Fat Tuesday/Mardi Gras has traditionally been a huge celebration before getting down to the sacrificing and fasting season of Lent. But even if you don’t celebrate and/or observe either tradition, there is something to be said for getting the crazies out of your system right before rolling up your sleeves and getting to business. Mardi Gras isn’t just about debauchery. Member-based organizations can apply some of the same drivers that keep people coming back year after year.
1. Celebrate the difference. When it comes to your members, let them be who they are. Yes, for risk’s sake you probably can’t advocate paint-only clad revelers at your next conference taking to the streets in celebration in honor of your group but if that’s appealing to your members, you may want to consider the possibilities.
2. Party then work. If your member-base joins largely for the social aspect, allow them to have some fun before asking them to volunteer. People support what they are a part of but it is difficult to answer the call to volunteer when you’re still waiting to feel the connection. A party or social event brings people together and memories of a successful event frequently spawn the desire to continue having successful (and fun) events in the future.
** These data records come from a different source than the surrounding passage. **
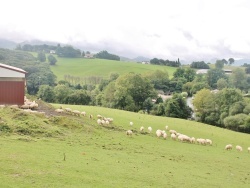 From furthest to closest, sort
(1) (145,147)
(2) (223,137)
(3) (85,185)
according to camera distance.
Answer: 1. (2) (223,137)
2. (1) (145,147)
3. (3) (85,185)

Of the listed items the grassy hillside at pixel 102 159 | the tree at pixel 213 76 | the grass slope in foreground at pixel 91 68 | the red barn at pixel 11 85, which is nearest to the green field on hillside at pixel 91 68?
the grass slope in foreground at pixel 91 68

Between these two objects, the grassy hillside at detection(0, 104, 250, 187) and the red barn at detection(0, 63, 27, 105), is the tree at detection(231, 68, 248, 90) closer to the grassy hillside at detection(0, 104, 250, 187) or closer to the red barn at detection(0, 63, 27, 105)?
the grassy hillside at detection(0, 104, 250, 187)

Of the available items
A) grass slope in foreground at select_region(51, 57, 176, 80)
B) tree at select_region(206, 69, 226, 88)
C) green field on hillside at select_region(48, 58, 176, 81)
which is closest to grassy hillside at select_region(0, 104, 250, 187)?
tree at select_region(206, 69, 226, 88)

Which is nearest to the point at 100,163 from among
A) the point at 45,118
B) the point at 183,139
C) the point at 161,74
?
the point at 45,118

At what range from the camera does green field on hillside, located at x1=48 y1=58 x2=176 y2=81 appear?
522 feet

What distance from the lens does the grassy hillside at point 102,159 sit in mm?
15277

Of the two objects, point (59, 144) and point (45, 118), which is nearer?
point (59, 144)

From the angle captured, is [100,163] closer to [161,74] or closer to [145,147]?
[145,147]

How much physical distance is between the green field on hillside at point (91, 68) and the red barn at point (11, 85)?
118 metres

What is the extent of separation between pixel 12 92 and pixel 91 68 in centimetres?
13873

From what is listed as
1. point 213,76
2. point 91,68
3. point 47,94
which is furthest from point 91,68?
point 47,94

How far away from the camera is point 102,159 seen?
19.6 metres

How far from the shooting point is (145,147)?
25.8 metres

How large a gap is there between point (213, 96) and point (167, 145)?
5898 cm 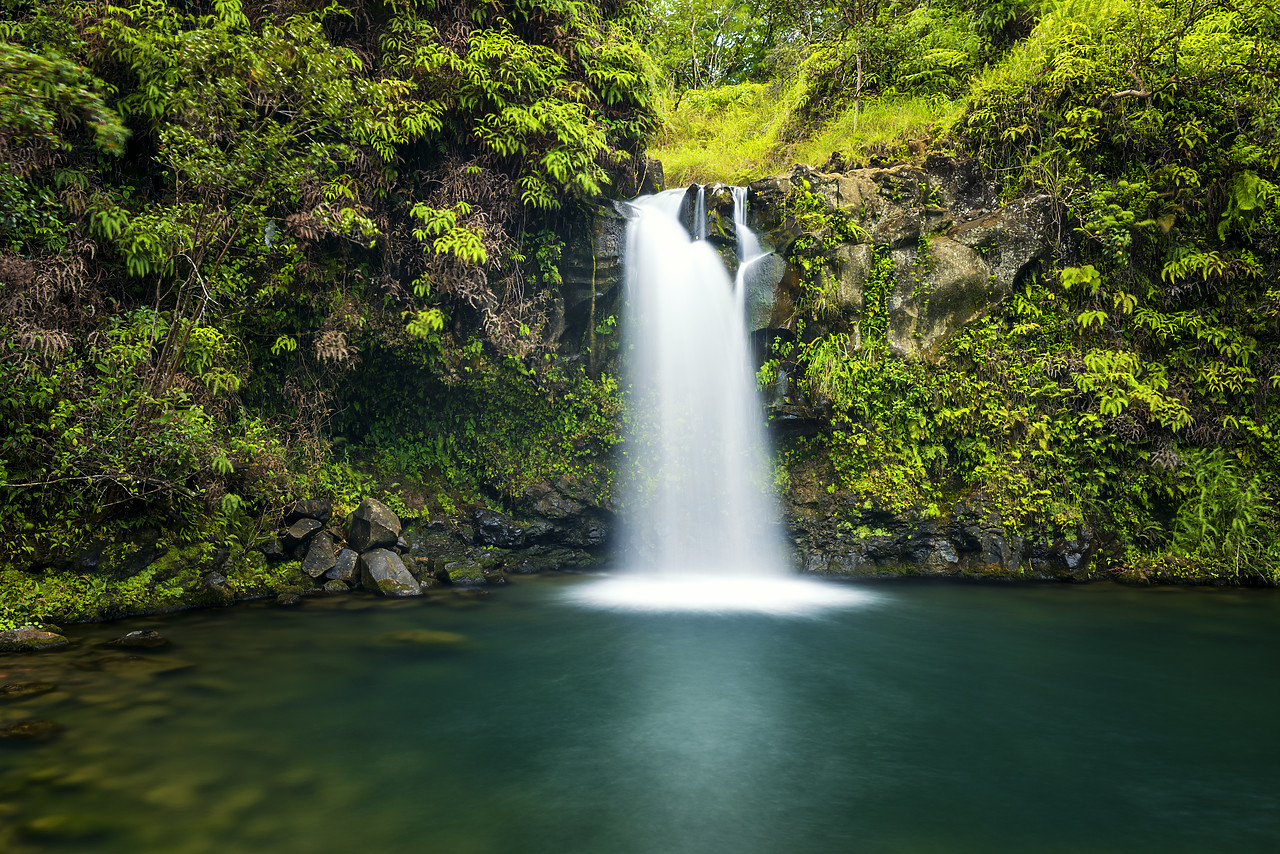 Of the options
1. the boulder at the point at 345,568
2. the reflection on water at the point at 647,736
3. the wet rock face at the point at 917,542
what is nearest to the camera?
the reflection on water at the point at 647,736

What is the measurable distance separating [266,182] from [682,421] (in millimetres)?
6481

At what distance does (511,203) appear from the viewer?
9.68 m

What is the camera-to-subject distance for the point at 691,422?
402 inches

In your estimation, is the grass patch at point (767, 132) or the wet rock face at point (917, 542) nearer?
the wet rock face at point (917, 542)

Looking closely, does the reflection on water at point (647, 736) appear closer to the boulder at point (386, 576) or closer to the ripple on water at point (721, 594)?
the ripple on water at point (721, 594)

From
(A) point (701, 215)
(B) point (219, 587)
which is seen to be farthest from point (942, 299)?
(B) point (219, 587)

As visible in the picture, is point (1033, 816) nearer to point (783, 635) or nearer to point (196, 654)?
point (783, 635)

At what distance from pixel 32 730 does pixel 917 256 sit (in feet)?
36.5

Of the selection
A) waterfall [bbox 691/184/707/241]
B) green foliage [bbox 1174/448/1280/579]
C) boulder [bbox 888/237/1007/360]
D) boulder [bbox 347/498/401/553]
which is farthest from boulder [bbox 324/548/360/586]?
green foliage [bbox 1174/448/1280/579]

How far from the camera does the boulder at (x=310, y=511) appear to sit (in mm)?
8359

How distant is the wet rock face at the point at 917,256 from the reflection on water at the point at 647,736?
4703 millimetres

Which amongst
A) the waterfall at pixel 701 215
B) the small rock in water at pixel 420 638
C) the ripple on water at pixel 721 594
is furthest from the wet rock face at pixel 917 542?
the small rock in water at pixel 420 638

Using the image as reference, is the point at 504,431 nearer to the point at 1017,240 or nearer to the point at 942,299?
the point at 942,299

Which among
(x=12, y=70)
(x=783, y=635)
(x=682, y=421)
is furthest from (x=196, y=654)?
(x=682, y=421) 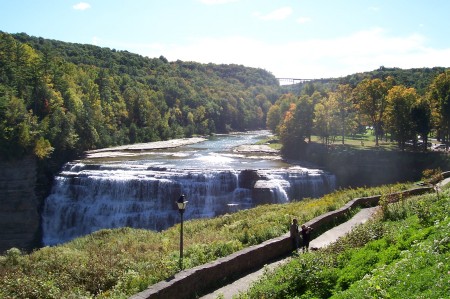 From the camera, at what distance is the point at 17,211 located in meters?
38.2

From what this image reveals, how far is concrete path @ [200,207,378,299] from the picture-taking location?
36.7 feet

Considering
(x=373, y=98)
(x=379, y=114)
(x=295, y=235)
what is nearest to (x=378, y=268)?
(x=295, y=235)

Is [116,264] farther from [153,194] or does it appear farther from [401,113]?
[401,113]

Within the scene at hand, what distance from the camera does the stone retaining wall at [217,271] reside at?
10266 millimetres

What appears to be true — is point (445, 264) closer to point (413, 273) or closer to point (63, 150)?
point (413, 273)

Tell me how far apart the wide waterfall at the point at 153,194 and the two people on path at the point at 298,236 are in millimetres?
20954

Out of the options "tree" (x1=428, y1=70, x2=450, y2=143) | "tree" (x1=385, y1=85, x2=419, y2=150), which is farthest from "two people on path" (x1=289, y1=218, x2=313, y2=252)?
"tree" (x1=428, y1=70, x2=450, y2=143)

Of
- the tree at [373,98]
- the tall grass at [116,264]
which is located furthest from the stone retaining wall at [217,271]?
the tree at [373,98]

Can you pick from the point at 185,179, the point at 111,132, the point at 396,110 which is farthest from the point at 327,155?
the point at 111,132

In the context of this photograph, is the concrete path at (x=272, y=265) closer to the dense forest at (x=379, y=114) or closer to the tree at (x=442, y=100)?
the dense forest at (x=379, y=114)

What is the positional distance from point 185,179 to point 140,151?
78.9ft

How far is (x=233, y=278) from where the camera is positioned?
12.3 m

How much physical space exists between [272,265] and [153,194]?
24.2m

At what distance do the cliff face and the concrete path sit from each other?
28.6 meters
3. Throw them some beads, mister! Not literally – unless they like that sort of thing. But part of what makes the Mardi Gras celebrations fun is the idea that everyone is a participant – whether you’re on a float, strolling in the parade or a spectator – everyone joins in. Best of all, those who join in get something they like. And another thing we can learn from the bead idea is that what we give our members does not have to be expensive. Sometimes it’s the idea of getting something that is better than the actual swag.
Mardi Gras focuses on revelry, community and involvement and although it may go to the extreme (I caution you if you’re considering making Hurricanes the drink of choice at your next function) the lessons on bringing a group together for creating a memorable event are still there.